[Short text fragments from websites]
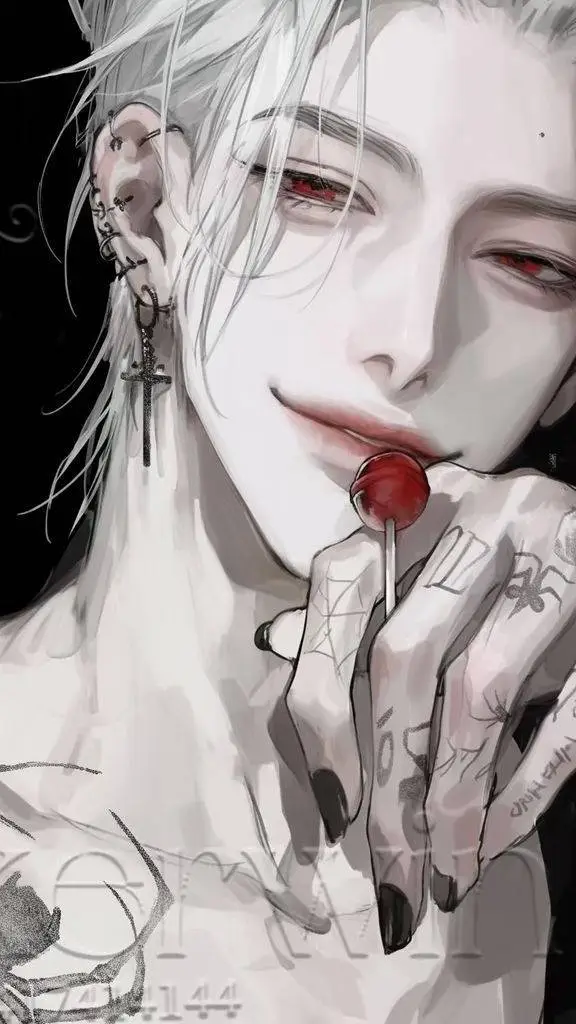 ai character: Sung-Min background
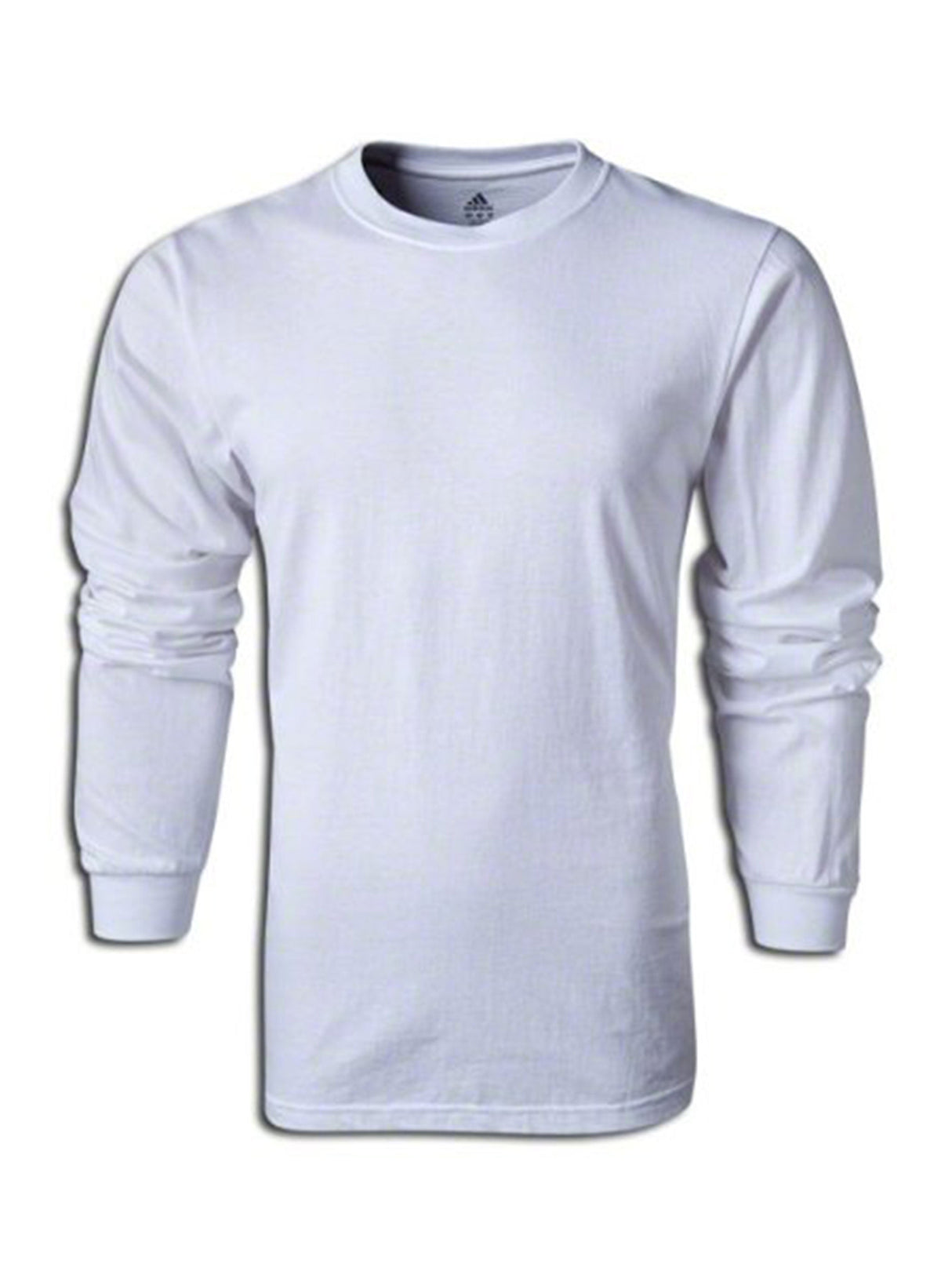 Image for Kids Boy's Back Logo Printed Top,White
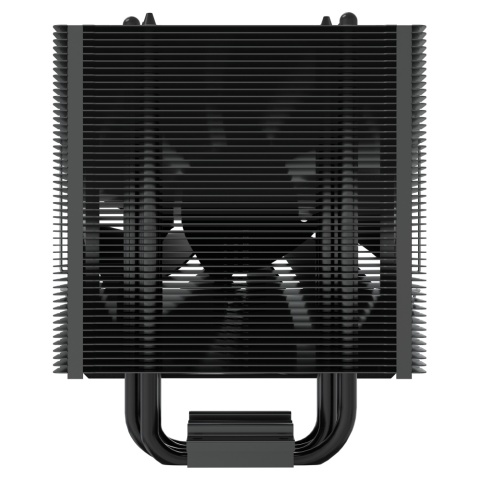 Chłodzenie CPU VORTEX X2 BLACK Chłodzenie CPU VORTEX X2 BLACK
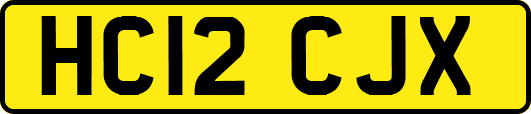 HC12CJX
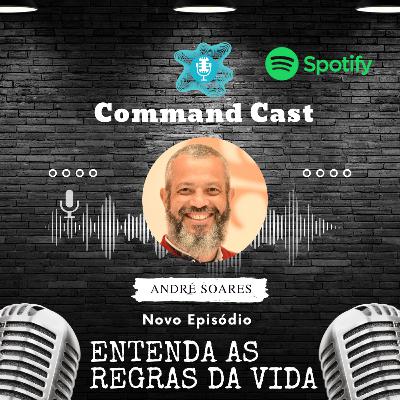 ENTENDA AS REGRAS DA VIDA ENTENDA AS REGRAS DA VIDA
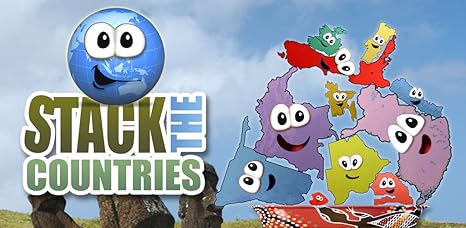 Stack the Countries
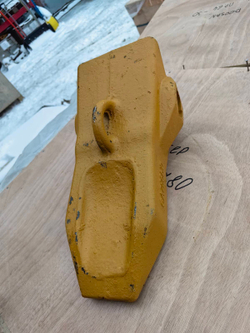 Коронка A150 Advansys 368-3786 Heavy Duty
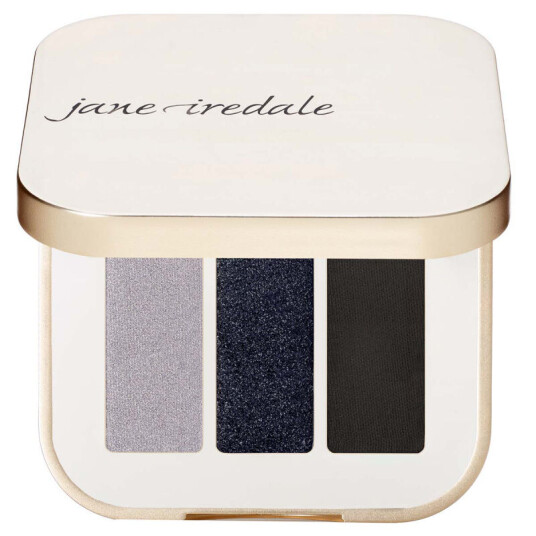 Jane Iredale Eye Shadows Trippel Blue Hour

> [Work task]: Without any pictures, reproduce exactly the lines from the line that contains "Stack the Countries" to the end of the entries above, both ends included.

> [Solution to the exercise]:
 Stack the Countries
 Коронка A150 Advansys 368-3786 Heavy Duty
 Jane Iredale Eye Shadows Trippel Blue Hour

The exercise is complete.